You are now entering Ad Space, a realm of commercials, brought before us so we might examine how they work, and discuss why we both love and hate them so. So it is written …
The Products:
Divorce attorneys
The Promotions:
The Pitch:
Screw having a clean, civil divorce. Call us if you want to rake your miserable ex over the frickin’ coals!
After last week’s Ad Space on the Better Marriage Blanket, it’s possible some of you bought Better Marriage Blankets to give to your own spouses. If so, you will now be getting divorced, so these ads oughta help!
Divorce attorneys have an interesting challenge when it comes to advertising. Obviously, they want to encourage people to hire them, but they don’t want to come across like they’re encouraging people to get divorced. Trying to break up marriages, just to drum up business: that’d fall even lower than “ambulance chaser” in society’s dim view of the legal profession.
As such, most divorce attorney ads take a very solemn, respectful tone. They make it clear they’re talking to people who have already made the decision to get divorced, and that these legal professionals are ready to help them through this difficult time.
That’s what most do.
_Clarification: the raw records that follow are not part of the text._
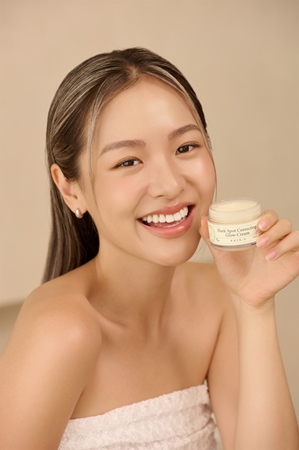 AXIS-Y 6+1+1 Advanced Formula Dark Spot Correcting Glow Cream Moisturizing Gel Cream for skin with hyperpigmentation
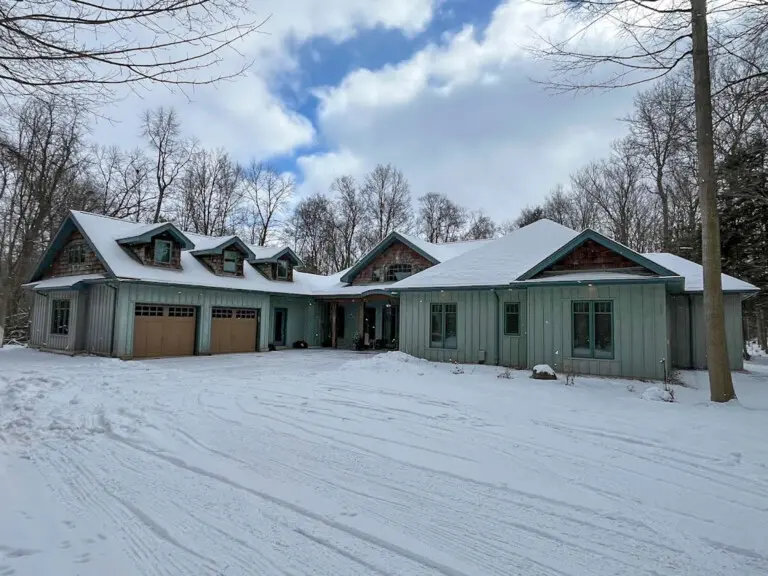 Stonewood lakeview beachfront cottage vacation rental pet friendly 4bedroom bayfield goderich grand bend lake huron ontario cottage rental 7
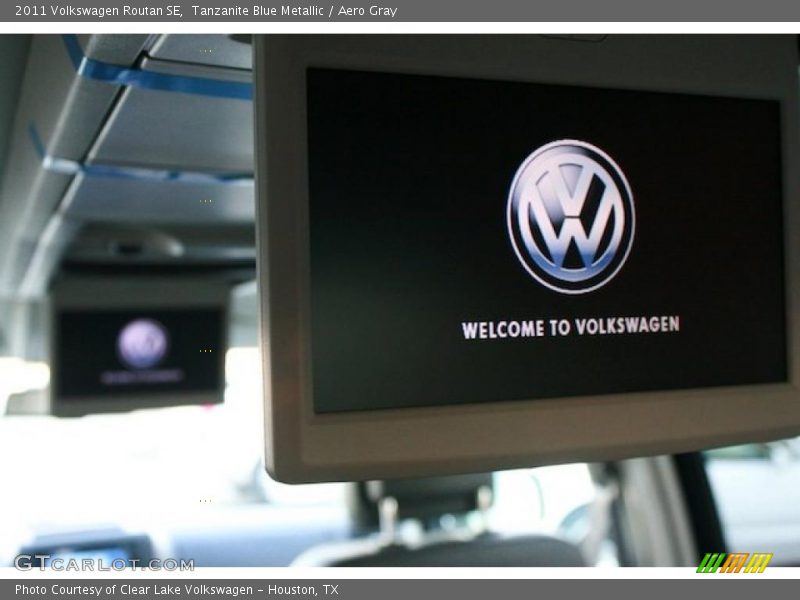 Tanzanite Blue Metallic / Aero Gray 2011 Volkswagen Routan SE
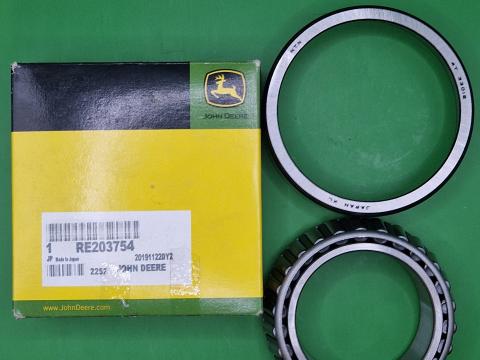 RE203754 – JOHN DEERE CSAPÁGY OE., KÉSZLETEN, KEDVEZŐ ÁRON! RE203754 – JOHN DEERE CSAPÁGY OE., KÉSZLETEN, KEDVEZŐ ÁRON!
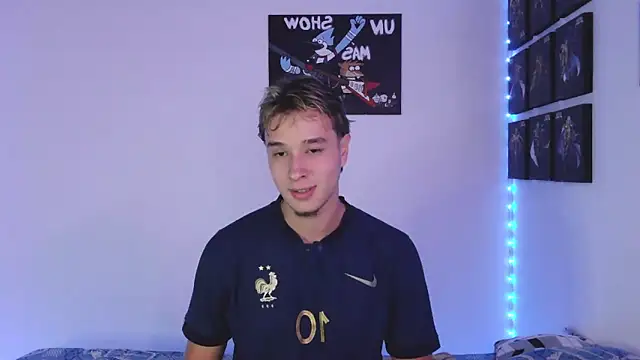 Snapshot of jack_walker190 chatting on September 18, 1:18 am jack walker190 online show from September 18, 1:18 am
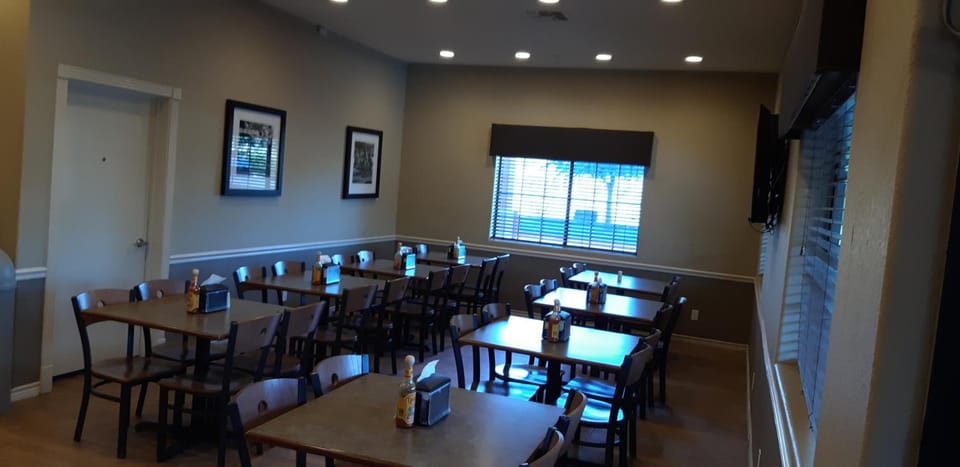 Cotulla Whitten Inn Hotel in Cotulla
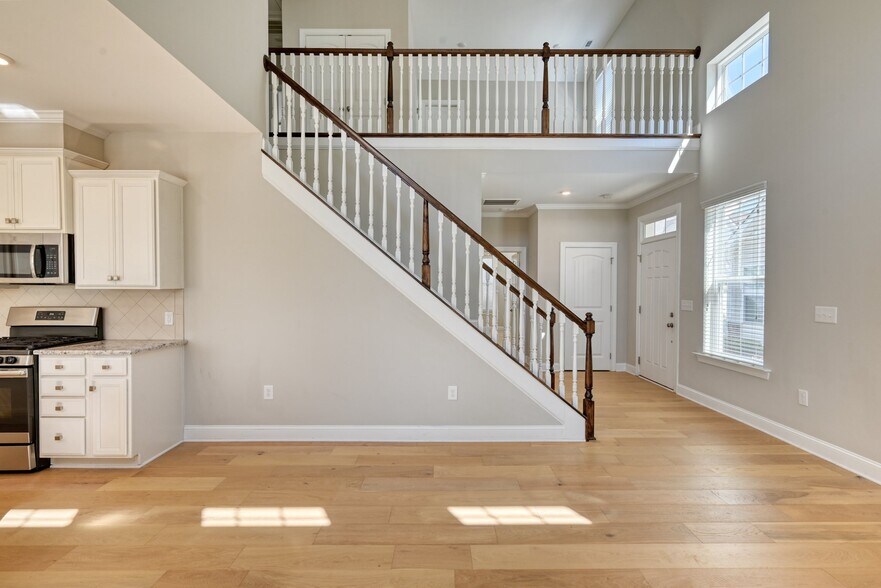 Building Photo - 335 Acorn Hollow Pl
But there’ll always be a few who can’t resist the temptation to be funny, and in remarkably poor taste. Naturally, those are the ones I decided to focus on.
I’ll admit, the “ball and chain” ad is simple enough, clever enough, and abstract enough, it’s actually not a bad ad. Much better than attorney Steve Miller claiming they’ll “get rid of that vermin you call a spouse”. And, beyond being in poor taste, specifically pitching themself to married people who “hate each other like poison and want to get out of the hellhole you call a marriage” … if someone has even slightly mixed feelings about their divorce, that extreme rhetoric seems like it’d turn them off of Attorney Miller more than anything.
But the crown jewels are the two ads for Michael Gallagher. One explicitly pitching itself at cheating, drunken scumbags, the other depicting a married couple who, presented with an attorney who could make their spouse miserable, race each other to get to them first. They’re so baldly, unabashedly cynical, I once again found myself having to make sure Michael Gallagher was a real attorney, and I wasn’t watching some sketch comedy by mistake.
I don’t see myself ever needing a divorce attorney, but if I did … I don’t think this is the approach that’d win me over.